WORK TO BE COMPLETED → Retype the records below word for word and omit any image.

(Short web captions)
---*---
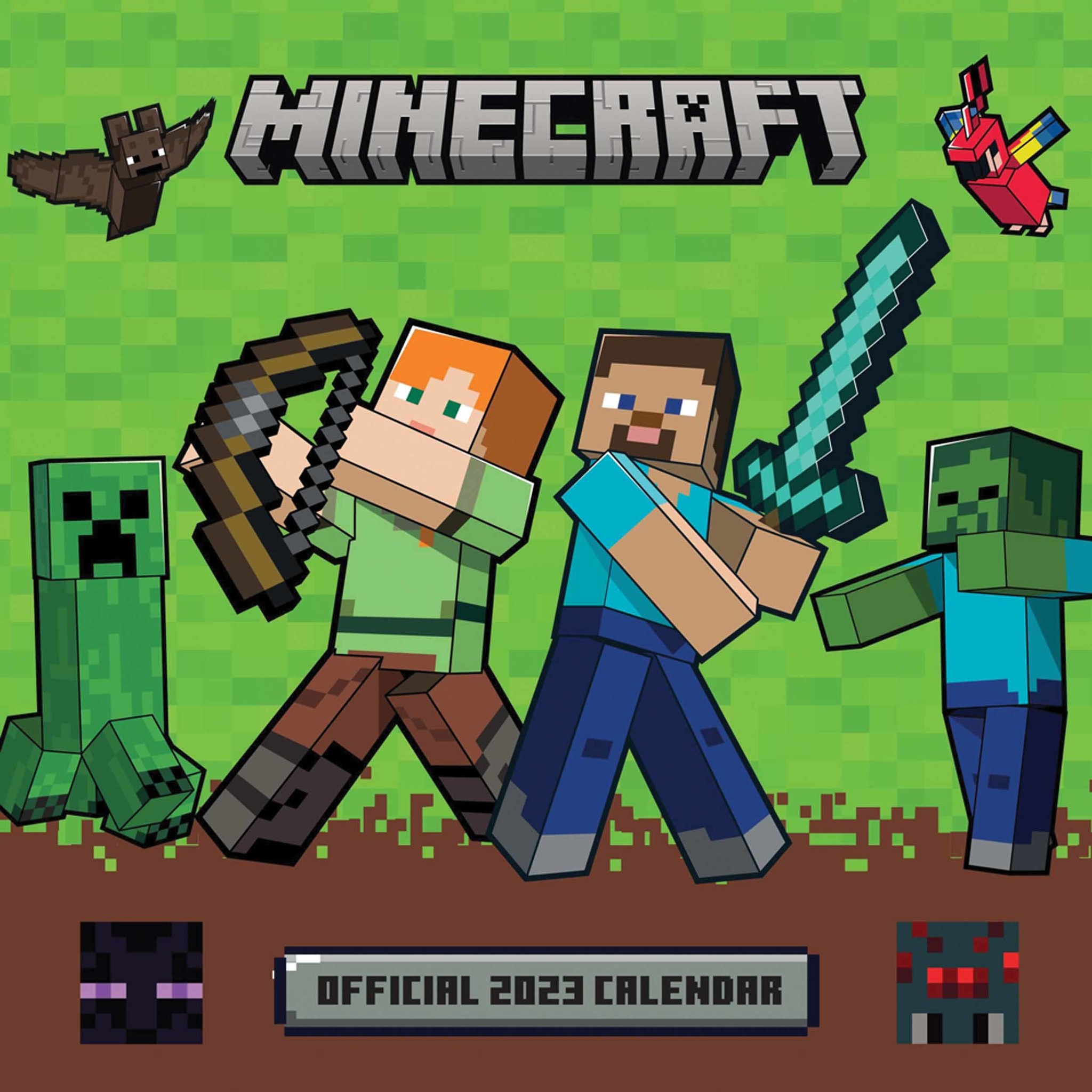 MINECRAFT SQUARE CALENDAR 2023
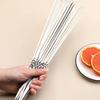 Brochetas Redondas de Acero Inoxidable para Barbacoa Herramientas para Kebab de Cordero Juego Completo Agujas para Barbacoa Suministros para Kebab Brochetas de Hierro Brochetas Planas Accesorios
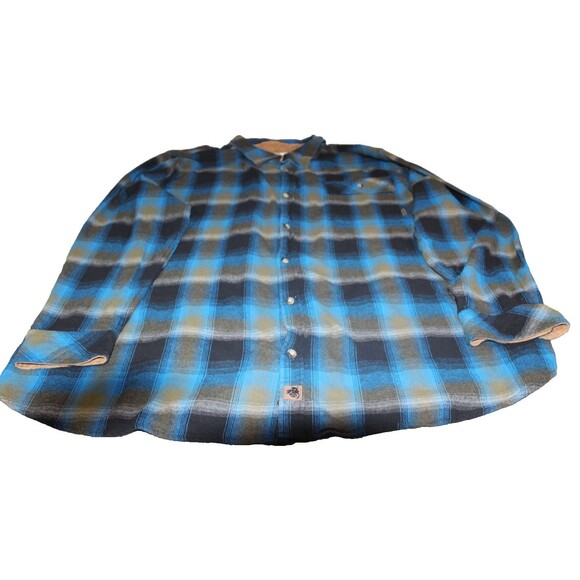 Legendary Whitetails Men's Journeyman Flannel Line Shirt Jacket Snap Buttons 4XT - Picture 1 of 16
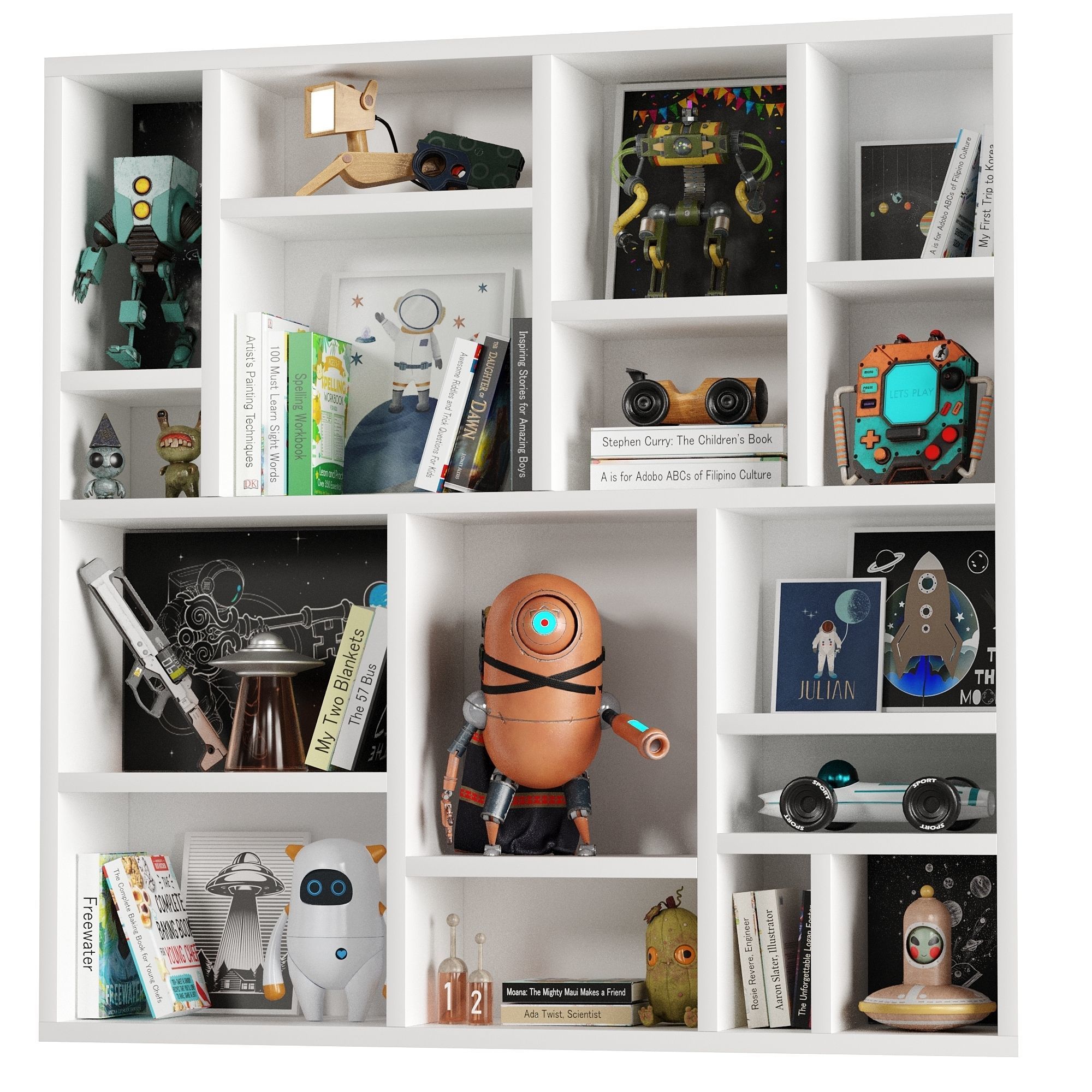 Children Room Set 6 Scifi Set 3D model_3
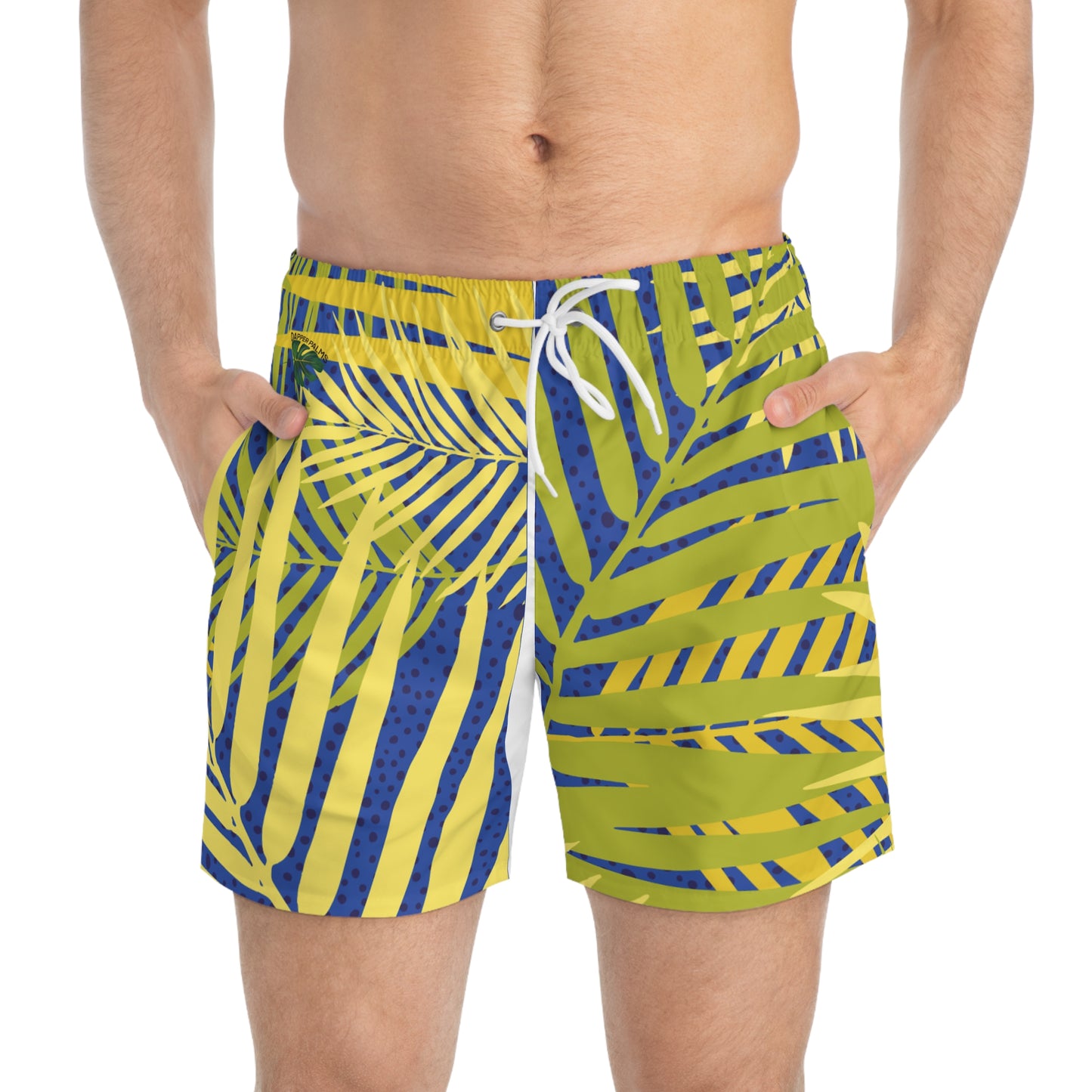 Dapper Palms Tropical Swim Trunks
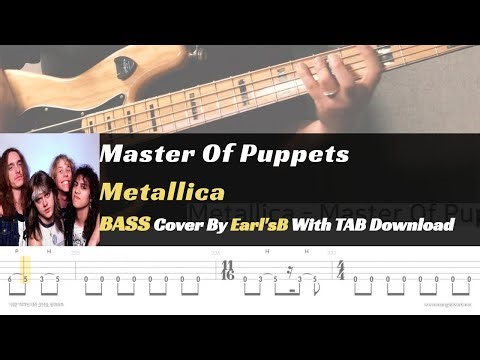 Metallica - Master Of Puppets_Bass Cover Solution No.192 with TAB (메탈리카_마스터 오브 퍼펫츠 베이스 커버 타브악보 포함)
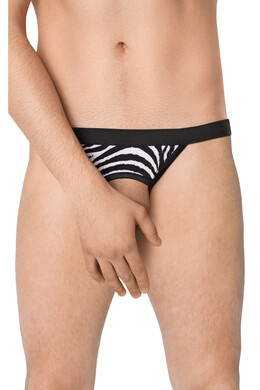 Стринги черные мужские с вырезом SoftLine Collection, OS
---*---
YOUR RESPONSE →
 MINECRAFT SQUARE CALENDAR 2023
 Brochetas Redondas de Acero Inoxidable para Barbacoa Herramientas para Kebab de Cordero Juego Completo Agujas para Barbacoa Suministros para Kebab Brochetas de Hierro Brochetas Planas Accesorios
 Legendary Whitetails Men's Journeyman Flannel Line Shirt Jacket Snap Buttons 4XT - Picture 1 of 16
 Children Room Set 6 Scifi Set 3D model_3
 Dapper Palms Tropical Swim Trunks
 Metallica - Master Of Puppets_Bass Cover Solution No.192 with TAB (메탈리카_마스터 오브 퍼펫츠 베이스 커버 타브악보 포함)
 Стринги черные мужские с вырезом SoftLine Collection, OS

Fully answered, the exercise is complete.